One area we haven't mentioned is bumpsteer on rods with steering boxes and beam axles. Obviously such cars don't have control arms or steering racks, but the principle is the same. When such a car has a steering box mounted on the chassis with a Pitman arm and drag link, the latter should be parallel to, and the same length as, the axle locator, be it a split wishbone, radius rod, or hairpin. Any discrepancy in these lengths will cause bumpsteer, as the arcs in which the axle and drag link travel are different. If the steering box is mounted farther forward than the rear mount of the axle locator, you can avoid a lot of bumpsteer by ensuring the drag link is located at such an angle that an imaginary line along the drag link continues past it and intersects the axle locator at its pivot point. Of course this applies more to traditional rods, as those with cross steering, such as Vega systems, won't have the geometry that causes bumpsteer in the first place. Cowl-mounted steering boxes, however, should also be mentioned since the geometry can cause horrendous bumpsteer if there is a lot of suspension travel, though of course most rods have a minimum of travel anyway. Again, there's that form-over-function scenario. Of the four alignment issues so far discussed, bumpsteer is the hardest to rectify because it invariably will require some form of fabrication and movement of pivot points.

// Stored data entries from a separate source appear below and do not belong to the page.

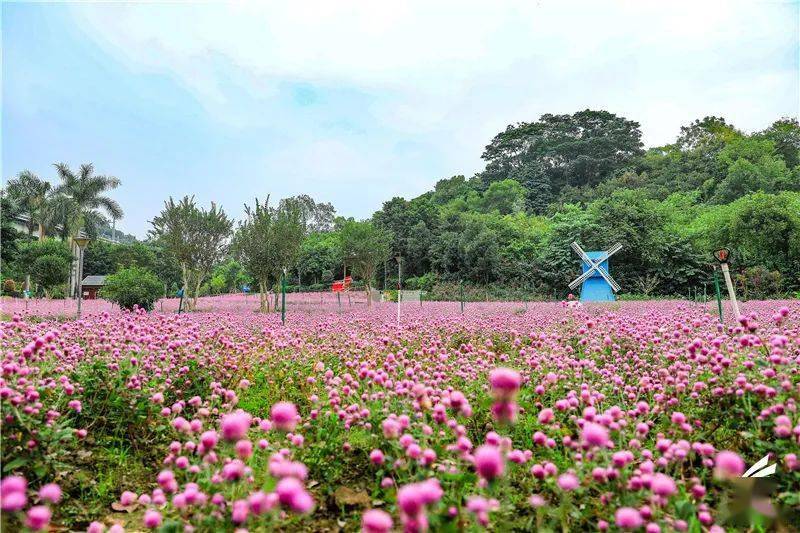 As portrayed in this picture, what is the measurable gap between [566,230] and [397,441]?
33.6 meters

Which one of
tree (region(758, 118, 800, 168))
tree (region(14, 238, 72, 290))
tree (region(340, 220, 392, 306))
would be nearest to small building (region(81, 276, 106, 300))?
tree (region(14, 238, 72, 290))

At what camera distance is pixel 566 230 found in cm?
3359

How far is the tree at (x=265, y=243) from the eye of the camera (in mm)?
19500

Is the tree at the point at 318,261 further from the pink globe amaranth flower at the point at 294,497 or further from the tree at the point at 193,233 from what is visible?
the pink globe amaranth flower at the point at 294,497

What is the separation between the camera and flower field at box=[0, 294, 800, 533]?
5.54 ft

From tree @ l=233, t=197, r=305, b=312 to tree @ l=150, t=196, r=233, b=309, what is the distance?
1.10 meters

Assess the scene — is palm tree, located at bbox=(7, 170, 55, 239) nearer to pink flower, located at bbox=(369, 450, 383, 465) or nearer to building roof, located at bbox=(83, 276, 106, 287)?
building roof, located at bbox=(83, 276, 106, 287)

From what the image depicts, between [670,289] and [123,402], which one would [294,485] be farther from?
[670,289]

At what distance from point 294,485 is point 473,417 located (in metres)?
2.58

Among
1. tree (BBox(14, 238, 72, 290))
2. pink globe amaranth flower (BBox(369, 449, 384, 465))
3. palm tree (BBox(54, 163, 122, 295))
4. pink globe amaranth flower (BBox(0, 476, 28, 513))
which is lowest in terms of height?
pink globe amaranth flower (BBox(369, 449, 384, 465))

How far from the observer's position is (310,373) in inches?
198

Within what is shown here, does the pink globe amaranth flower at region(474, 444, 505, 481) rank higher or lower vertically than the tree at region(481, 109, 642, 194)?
lower

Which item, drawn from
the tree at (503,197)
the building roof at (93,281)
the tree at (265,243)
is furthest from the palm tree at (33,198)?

Kingpin InclinationKingpin inclination angle is the angle measured from vertical to an imaginary line drawn through the center of the upper and lower ball joints on an IFS system. By offsetting the ball joints, a vertical arc is produced as the wheels turn. This angle, coupled with correct scrub radius, has a direct bearing on how easy it is to steer the car and its responsiveness to steering corrections.
Scrub RadiusIf the KPI is correct, the line drawn through the ball joints, or through the kingpin on a straight-axle car, will meet the centerline of the front tire where it meets the road, or just slightly to the outside of the centerline. The distance from the tire center to the kingpin inclination angle contact point on the road is called the scrub radius. Changes to wheel height and offset will affect the scrub radius, and can lead to prematurely worn tires, bearings, and steering components.
Four-Wheel AlignmentSo now that you know how to build correct suspension geometry into your next project, what do you do when it comes to setting the alignment perfectly? For total peace of mind and a rod or custom that will take you safely wherever you choose to drive, a visit to your local alignment shop should be on your schedule. Not only will they adjust and set your frontend alignment, they'll be able to measure and set the alignment on all four wheels. We haven't touched on it here, but the rearend can affect handling too, and not just by being mounted out of square in the chassis.